Some valentines are taking it out to the ball game, as Feb 14. happens to fall on Tiger baseball’s opening night.
Dakota Conravey, finance senior, and Kelsey Schexnayder, marketing senior, are embracing the coincidence by celebrating their first Valentine’s Day together in Alex Box Stadium.
“I’ve actually never been to opening day,” Conravey said. “This will be [Schexnayder’s] fourth opening day, so I said ‘This is what we’ll be doing’ and we got tickets in the grandstands.”
Conravey said their Valentine’s Day meal would be chicken tender baskets at the game, rather than the typical sit-down dinner date, although they might go out to dinner Saturday.
Schexnayder said the two have been on several dates to sporting events, including Pelicans and Saints games as well as LSU events.
“You get to see another side of the person,” Schexnayder said. “Dakota’s competitiveness really comes out.”
Romance and athletics seem effective ingredients in a modern love potion, as Hunter Geisman, LSU ticket office coordinator, can attest.
Geisman proposed to his wife, Cami Geisman, at a basketball game in December of 2008.
“We always went to a lot of sporting events together in college,” Cami Geisman said. “That was a part of our relationship.”
Cami said when they were juniors at the University, she signed Hunter up for one of the fan activities on the court during a basketball game while he was in the bathroom.
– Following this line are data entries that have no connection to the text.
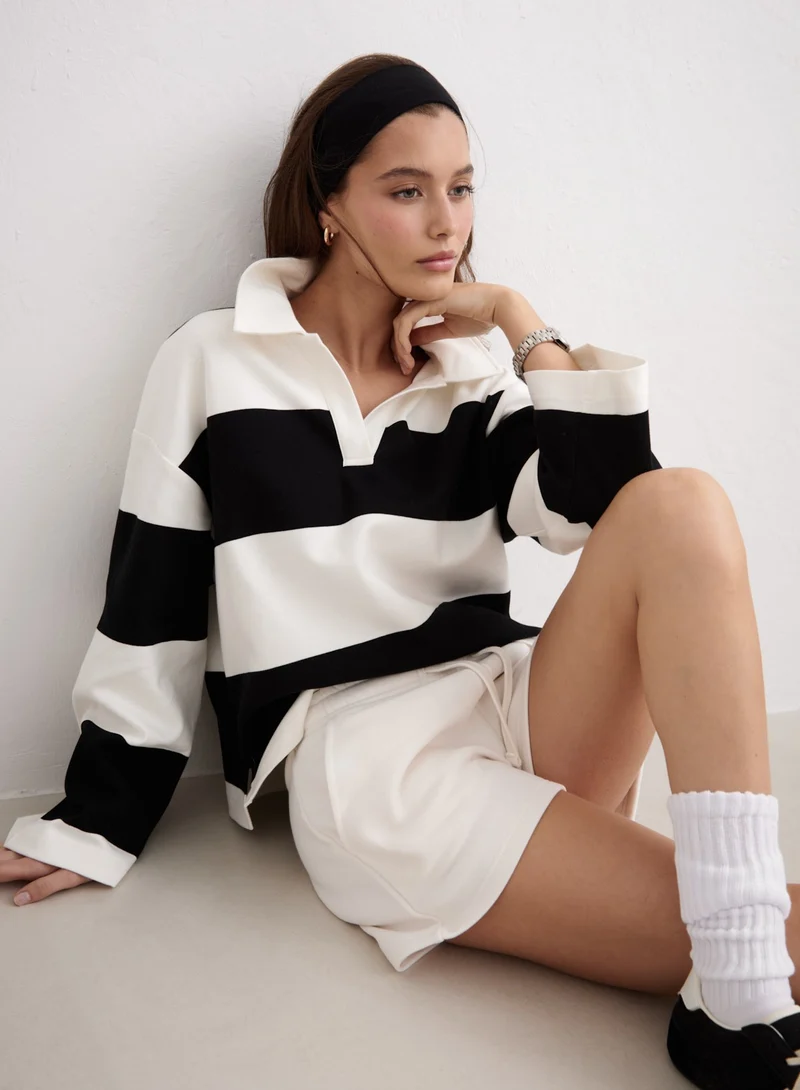 Black Stripe Rugby Shirt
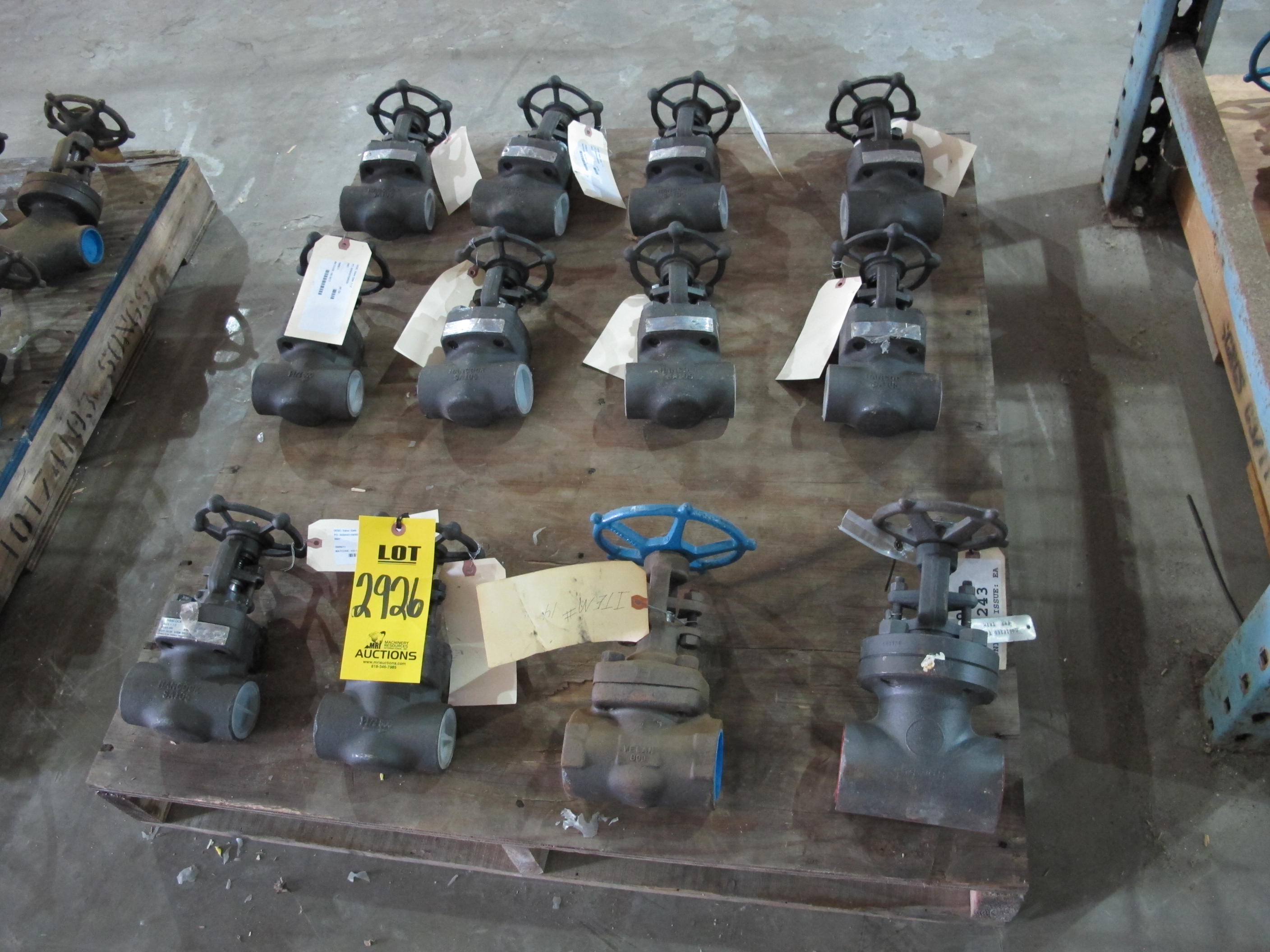 LOT PALLET W/(12) ASSORTED VALVES (W-51) LOADING & HANDLING FEE $15-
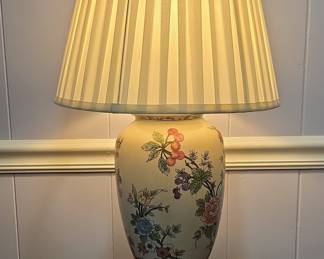 Chinoiserie Ceramic Table Lamp with Floral Motif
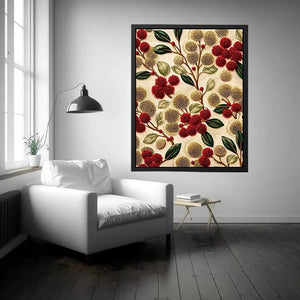 botanical floral pattern wall art, red flower luxury canvas, vintage floral print design, elegant botanical decor artwork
So when she was asked to participate in one of the events two years later on the night they were engaged, she knew he had a part in it.
“When I was leaving the court after the event, he was right on the edge of the court, down on one knee,” Cami said. “I remember the student section cheering, and he had bought tickets for my entire family so they were cheering from the upper deck.”
The couple married in 2009.
Cami said they went on a lot of gameday dates while they were in college because they were usually free for students, and they both loved sports.
“I can imagine it would not be fun for a girl who didn’t like watching sports,” Cami said. “But we like them.”